Pénurie de médicaments : une crise qui s’inscrit dans la durée
TRIBUNE - Alors que l’hiver approche, "on est à près de 4 000 médicaments [en rupture ou risque de rupture] aujourd’hui", selon le président de l’Union des syndicats de pharmaciens d’officine (USPO) Pierre-Olivier Variot, dans une annonce faite sur les antennes de France Info le 26 octobre dernier.
Aucune amélioration ne se dessine par rapport l’année dernière. Bien au contraire, la situation s’est aggravée avec la crise Covid. Si certaines ruptures sont transitoires et ponctuelles, d’autres s’inscrivent dans la durée et là, cela devient franchement inquiétant.
En 2022, le nombre de signalements de ruptures avérées et de risques de ruptures avait atteint un record : 3 761 déclarations, "réparties entre 1 602 pour les ruptures de stocks et 2 159 pour les risques de rupture".
En 2023, plus de 30 % des Français ont été confrontés à une pénurie de médicaments. Mais l’ANSM n’est toujours pas en mesure de fournir les chiffres.
Nous ne reviendrons pas sur les causes, multiples, que nous évoquions dans notre article en mars 2023. Elles n’ont pas changé. Aucune n’a trouvé de solution
Comme dans d’autres domaines, les pouvoirs publics montrent leur impuissance à régler un problème. C’est ce que signalait le rapport du Sénat le 6 juillet 2023, présenté par Sonia de la Prévôté, présidente de la commission, et Laurence Cohen, son rapporteur : "Il n'y a pas de pilote dans l'avion", s'est-elle, dénonçant la mise en place de politique de régulation des médicaments sans gouvernail. "Le gouvernement déverse 710 millions d'euros d'aides publiques à l'industrie, sans l'obliger à des relocalisations. Ainsi, Sanofi a encore supprimé 135 postes."
De la première à la cinquième place européenne
La France qui occupait en matière de production pharmaceutique la première place européenne jusqu'en 2008 est passée à la cinquième place actuellement, derrière la Suisse, l'Italie, l'Allemagne, et le Royaume-Uni.
Pour remédier à cette situation catastrophique, la commission d'enquête a formulé 36 propositions. On en attend les effets.
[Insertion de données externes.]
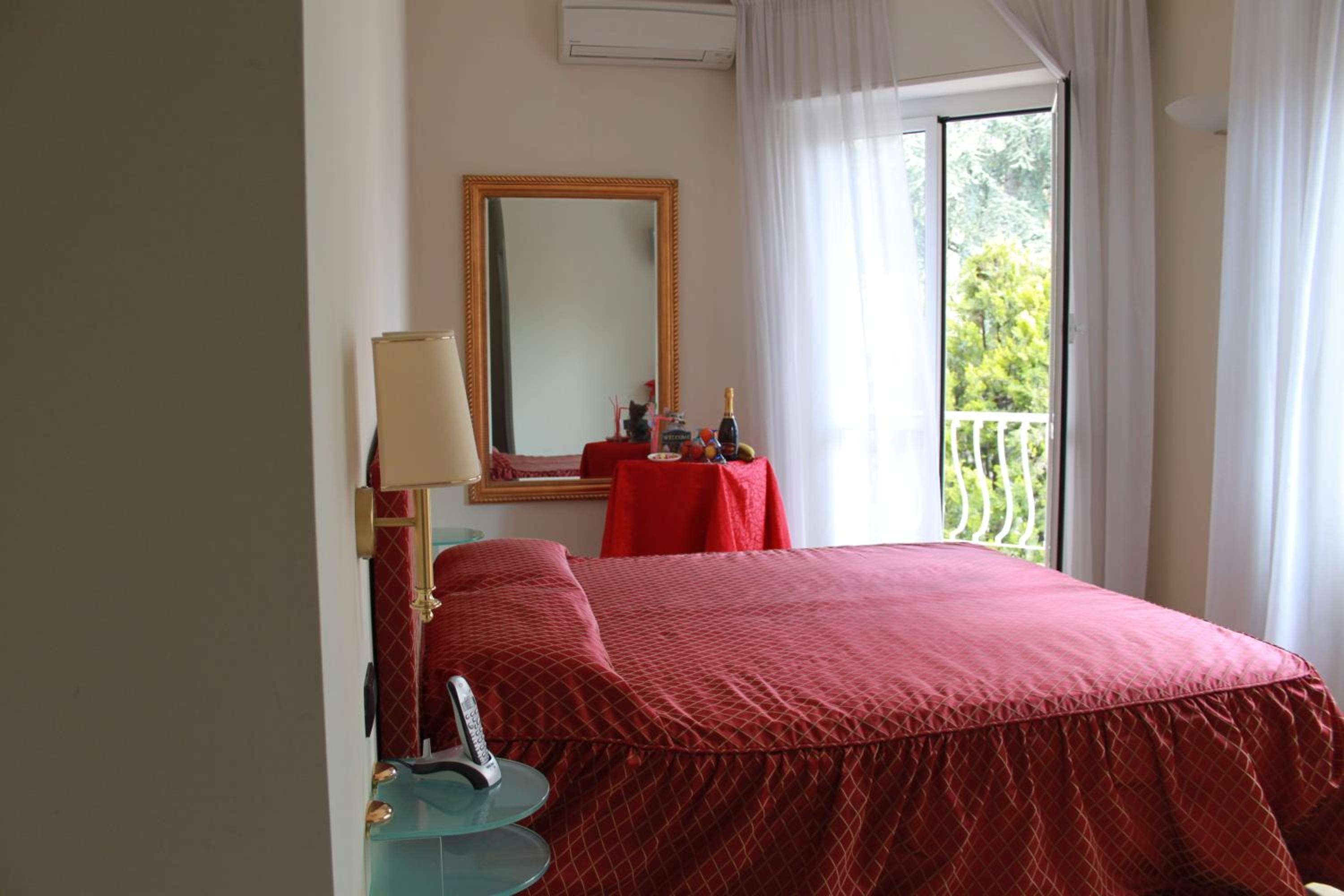 Double or Twin Room - Photo 1
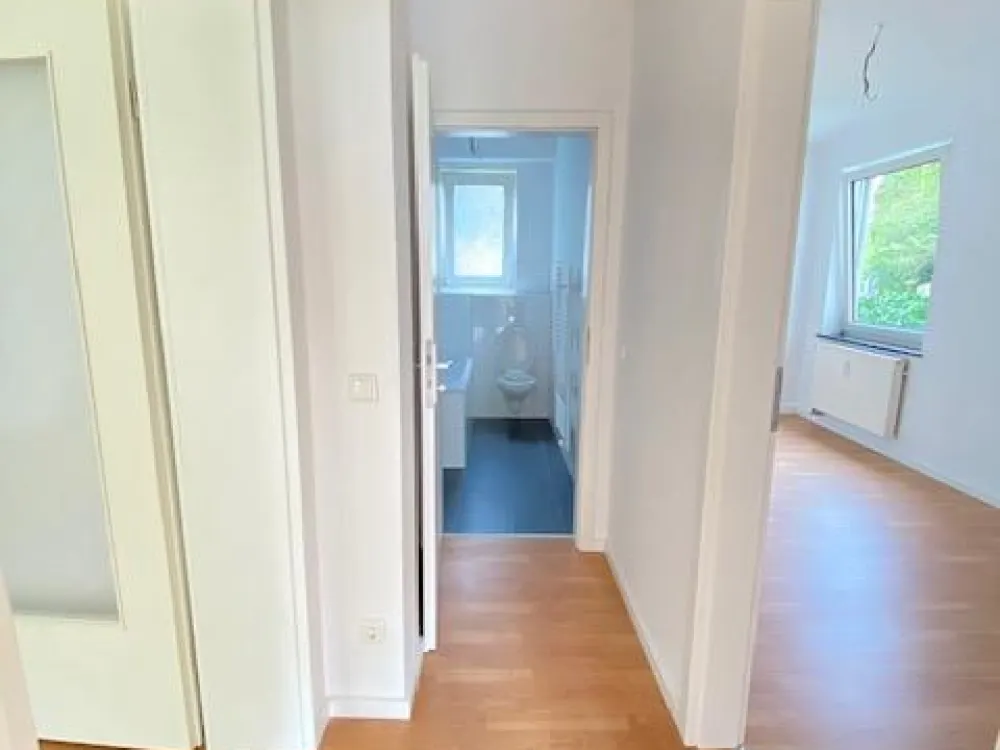 Freshly Renovated 3-Room Apartment with Balcony and Great View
Afin de faire face à la pénurie d’antibiotiques, la HAS (Haute Autorité de santé) demande que les patients fassent en pharmacie ou près de leur médecin un test rapide d'orientation diagnostique (TROD) qui permet de déterminer si leur maladie est d’origine bactérienne et non virale, d’éviter ainsi une prescription inutile qui favorise l’antibiorésistance
Concrètement, avant de se voir délivrer des antibiotiques en pharmacie, les patients devraient d'abord vérifier, grâce à un test, que leur maladie est bien d'origine bactérienne et non virale. Les médecins seraient ainsi amenés à prescrire des antibiotiques en les conditionnant à la réalisation d'un test. Entre des médecins réticents à rédiger des ordonnances conditionnelles et une rémunération faible, la réalisation de TROD angine reste encore marginale en officine. Seulement 1,2 million ont été commandés par les généralistes pour 9 millions d'angines traitées. Et un grand nombre d'officines ne proposaient pas de TROD au printemps 2023.
Une proposition simple : la vente de médicaments à l’unité généralisée
Finis les gaspillages, les boîtes de médicaments qui se périment au fond d’un placard.
C’est une pratique courante dans de nombreux pays anglo-saxons, Etats-Unis, Canada, Australie ou Nouvelle-Zélande.
Bien sûr, cela demanderait une capacité d’adaptation de la part de l’industrie pharmaceutique : déconditionnement des médicaments, livraison en vrac aux officines où les médicaments seraient conditionnés dans de petits flacons par le pharmacien, étiquetés avec toutes les informations nécessaires aux patients.
Les syndicats de pharmaciens y sont toujours opposés. Même réticences du côté des fabricants de médicaments, qui ont investi dans le conditionnement des médicaments pour se conformer aux obligations administratives. Pourquoi ce qui est applicable de l’autre côté des océans ne l’est pas en France ? Quoi de plus absurde que de se voir remettre une boîte de 20 comprimés quand la prescription du médecin se limite à 7 comprimés ou pire se voir délivrer deux boîtes de 20 quand vous n’avez besoin que de 22 comprimés par exemple. En attendant des mesures de bon sens, les malades sont soumis à cette pénurie catastrophique. Qui aurait imaginé, il y a quelques années, que notre pays, au passé prestigieux, dégringolerait au niveau d’un pays du tiers-monde. Un grand ménage s’impose...
Gérard Guillaume est rhumatologue. Il fut très proche du professeur Luc Montagnier.